Xcode is free, though. Apple 'takes their cut' when you pay $99/year to be a registered Apple developer. If that's not enough, then maybe they need to review the checkbook again. Whatever the case is, Apple made a mistake by attaching the success of their software platform to the success of their App Store. The future of the internet was never going to be proprietary, they should have known that back when Microsoft was sued over IE. It's not illegal, but they're certainly teeing themselves up for the most radical antitrust scrutiny witnessed to-date.

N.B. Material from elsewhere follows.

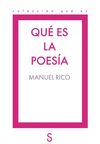 QUÉ ES LA POESÍA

It's just a dick move. Consumer advocacy groups should have fixed this by now, but Apple's legendary PR and reality distortion field has fended off most attacks so far.

1 comments

> Xcode is free, though.

Unreal Engine is "free" too.

Except it isn't. Neither Unreal Engine nor Apple's developer frameworks (shipped alongside Xcode) are public domain or copyleft. They're both proprietary code available under a license that permits certain usages, disallows certain usages, is royalty free under some conditions, and requires payment under other conditions.

> Apple 'takes their cut' when

That's not for you to decide. Epic can decide when to take money from developers who use Unreal Engine, and how much they're entitled to. It's equally Apple's decision which payment represents compensation for the developer's use of their intellectual property, and how much they're entitled to.

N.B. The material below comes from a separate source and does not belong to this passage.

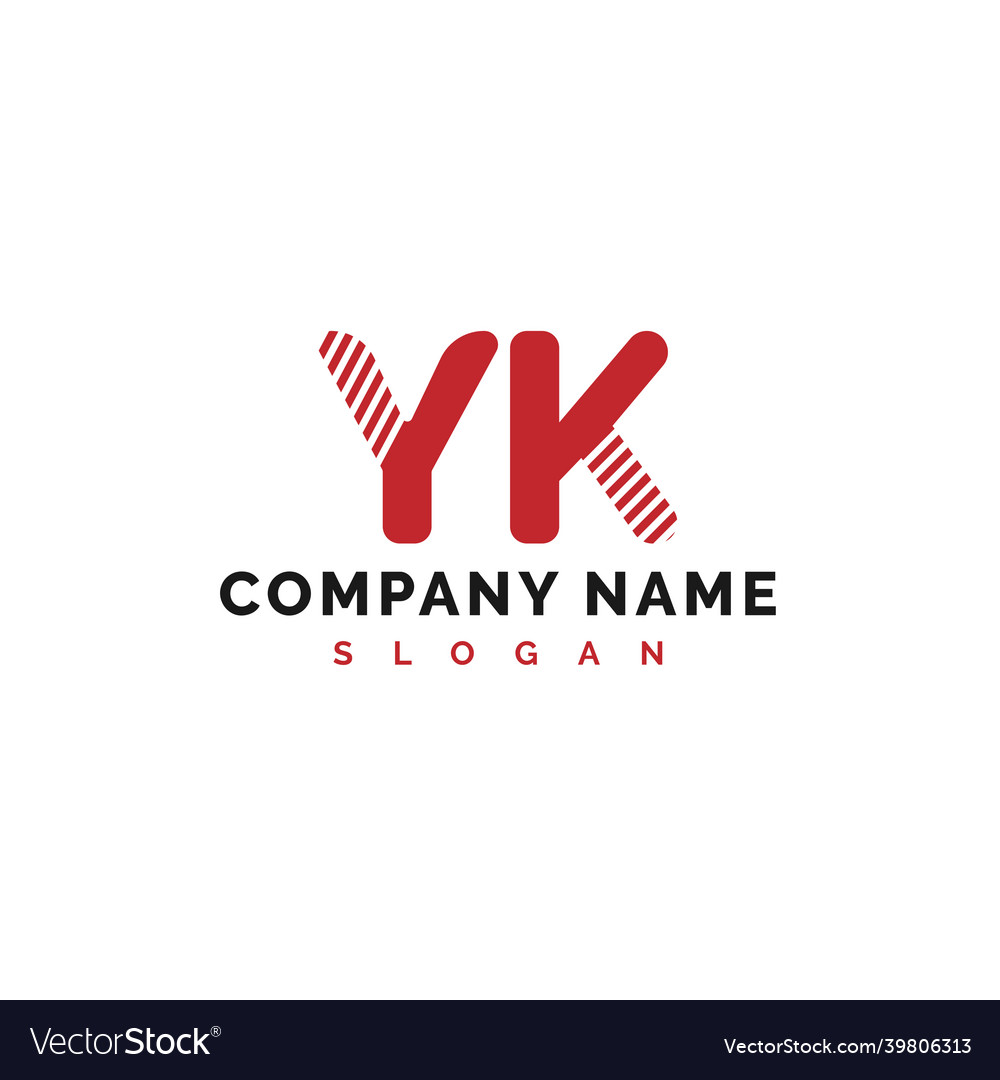 Yk letter logo design letter logo Royalty Free Vector Image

> Neither Unreal Engine nor Apple's developer frameworks (shipped alongside Xcode) are public domain or copyleft.

You're confusing free with libre. Apple's software and Unreal are free as in "free beer".

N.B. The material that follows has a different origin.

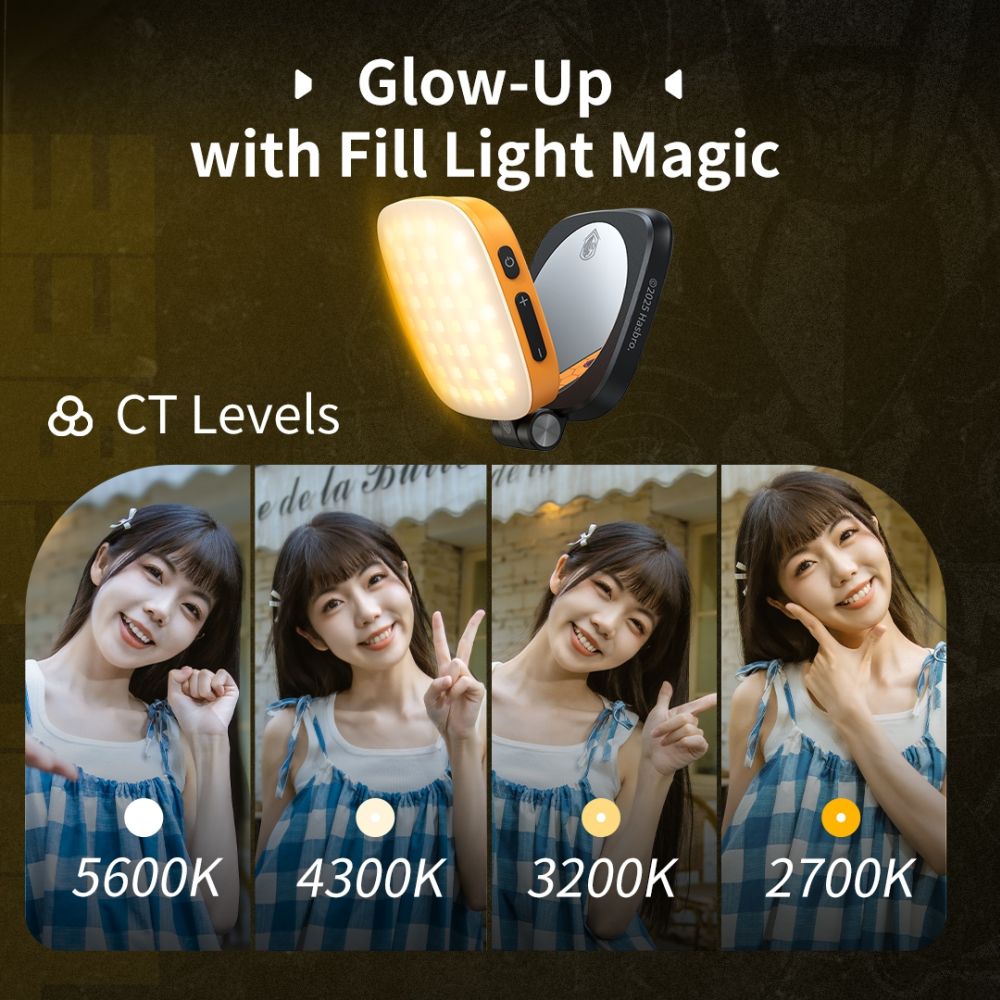 SmallRig 5513 Vibe P48 Luce video LED staccabile per telefono cellulare "BumbleBee Edition"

> You're confusing free with libre.

I'm not confusing them. The fact that they are not libre is precisely the point I was making. They are both proprietary intellectual property and encumber the person using them with financial obligations under some conditions.

> Apple's software and Unreal are free as in "free beer".

No, they are not. They're free as in "free beer when consumed on our premises, max five per customer, and if you sell our free beer to someone else we'll take some of that revenue thank you very much".

The comment you were replying to wasn't talking about free as in speech. They were talking about free as in beer. And the whole thread talks about money and cost. Not their source code availability.
> They were talking about free as in beer.

Right, and my point is that it's not free as in beer.

> Right, and my point is that it's not free as in beer.

But it is. Being free as in "free beer" has nothing to do with being or not being public domain or copyleft.

Public domain or copyleft refer to free as in "free speech".